Wednesday, August 26, 2009

Elements of Poetry

Prof. Prabhat Kumar.

Elements of Poetry

Following are the elements of poetry which may be of help to understand a poem as well as the given elements. It may be noted that the method adopted for elaboration is for the purpose of knowing these and these are not supposed to be copied down in the examination answer-book. Moreover, contents may be used according to appropriateness to the context.

An allegory is a whole world of symbols. Within a narrative form, which can be either in prose or verse, an allegory tells a story that can be read symbolically. You may have encountered The Faerie Queen by Edmund Spenser, or a short story by Nathaniel Hawthorne such as Rappacini’s Daughter, or maybe you’ve heard that The Wizard of Oz was originally an allegory. Interpreting an allegory is complicated because you need to be aware of what each symbol in the narrative refers to. Allegories thus reinforce symbolic meaning, but can also be appreciated as good stories regardless of their allegorical meaning.

Alliteration occurs when the initial sounds of a word, beginning either with a consonant or a vowel, are repeated in close succession.

Athena and Apollo
Nate never knows
People who pen poetry

Note that the words only have to be close to one another: Alliteration that repeats and attempts to connect a number of words is little more than a tongue-twister.

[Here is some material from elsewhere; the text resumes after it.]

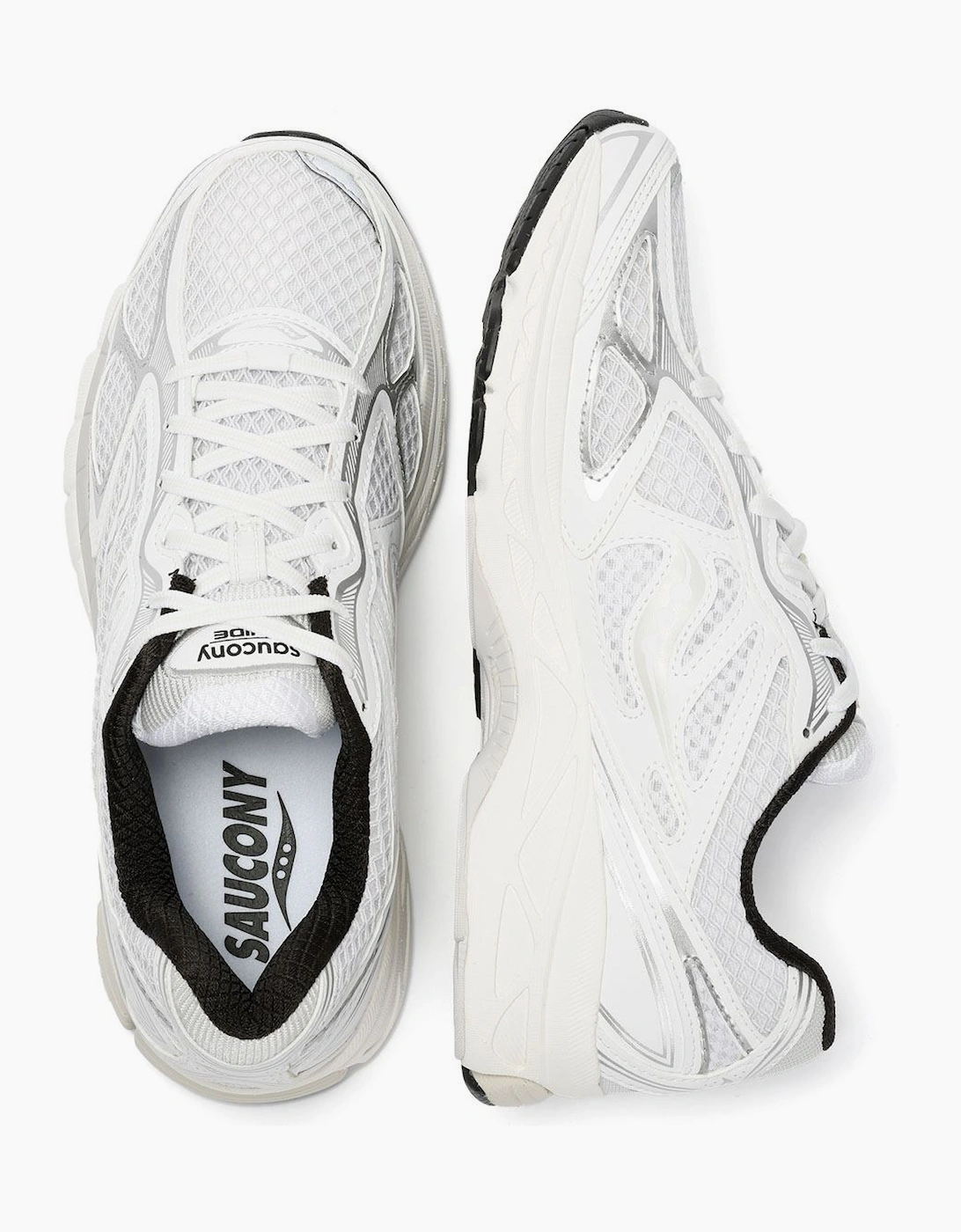 ProGrid Guide 7 White/Black Trainers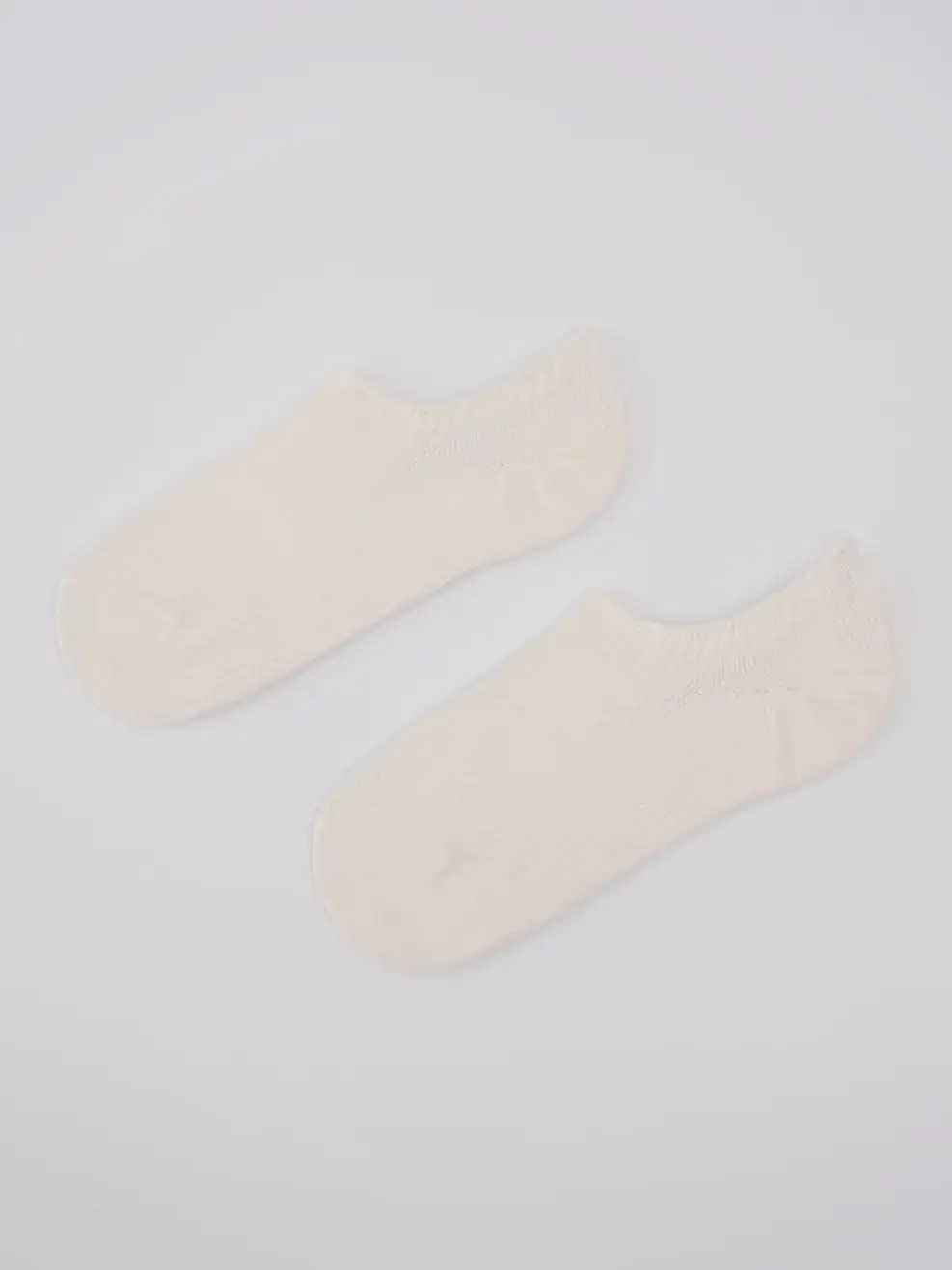 Tất Nữ Ẩn Dệt Gân Bàn Combo2 - Be 124 - F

The function of alliteration, like rhyme, might be to accentuate the beauty of language in a given context, or to unite words or concepts through a kind of repetition. Alliteration, like rhyme, can follow specific patterns. Sometimes the consonants aren't always the initial ones, but they are generally the stressed syllables. Alliteration is less common than rhyme, but because it is less common, it can call our attention to a word or line in a poem that might not have the same emphasis otherwise.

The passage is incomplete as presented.